Here’s how much money Americans could save — or lose — under Trump’s tax plan

President Donald Trump vowed throughout his campaign that he’d overhaul the US tax system, simplifying it and putting money back in the pockets of American citizens.

Trump’s proposed plan, if enacted, would almost certainly deliver on that first promise: It would pare down the seven income tax brackets to three, and it would eliminate personal exemptions in favor of increasing the standard deduction, among other changes geared at streamlining the tax code.

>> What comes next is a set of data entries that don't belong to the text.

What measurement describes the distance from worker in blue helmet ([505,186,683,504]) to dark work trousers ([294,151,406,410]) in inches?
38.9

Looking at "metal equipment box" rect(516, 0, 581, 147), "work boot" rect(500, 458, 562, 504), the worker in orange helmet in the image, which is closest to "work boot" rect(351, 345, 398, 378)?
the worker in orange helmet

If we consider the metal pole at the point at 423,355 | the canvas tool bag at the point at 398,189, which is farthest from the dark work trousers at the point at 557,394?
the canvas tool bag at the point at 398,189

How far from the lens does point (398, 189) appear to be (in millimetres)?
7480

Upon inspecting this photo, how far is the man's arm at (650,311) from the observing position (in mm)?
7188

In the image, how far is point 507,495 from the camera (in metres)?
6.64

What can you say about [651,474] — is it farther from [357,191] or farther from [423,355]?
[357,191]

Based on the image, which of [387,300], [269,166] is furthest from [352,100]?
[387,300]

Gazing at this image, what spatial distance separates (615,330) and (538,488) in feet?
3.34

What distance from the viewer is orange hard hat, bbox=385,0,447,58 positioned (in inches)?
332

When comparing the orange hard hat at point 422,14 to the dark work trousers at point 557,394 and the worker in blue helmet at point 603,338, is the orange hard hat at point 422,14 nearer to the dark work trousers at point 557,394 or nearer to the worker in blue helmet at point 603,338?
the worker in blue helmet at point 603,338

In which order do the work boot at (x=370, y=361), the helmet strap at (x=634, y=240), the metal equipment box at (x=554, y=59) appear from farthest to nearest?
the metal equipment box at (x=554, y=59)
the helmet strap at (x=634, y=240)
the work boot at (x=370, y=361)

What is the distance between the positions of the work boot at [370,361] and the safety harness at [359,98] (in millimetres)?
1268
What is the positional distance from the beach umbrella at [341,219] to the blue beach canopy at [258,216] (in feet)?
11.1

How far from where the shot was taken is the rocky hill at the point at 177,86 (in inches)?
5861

But would the plan result in more money for US workers? Taxes, unfortunately, remain stubbornly complicated — even in a system overhauled for simplicity.

For most people, the answer would be yes. But it depends on who you are. Some of the simplification measures mean valuable tax breaks — like the head-of-household filing status — would vanish, leaving millions of families, including more than half of single parents, with a higher federal tax burden than in previous years, according to a report by the Urban-Brookings Tax Policy Center, a nonpartisan think tank.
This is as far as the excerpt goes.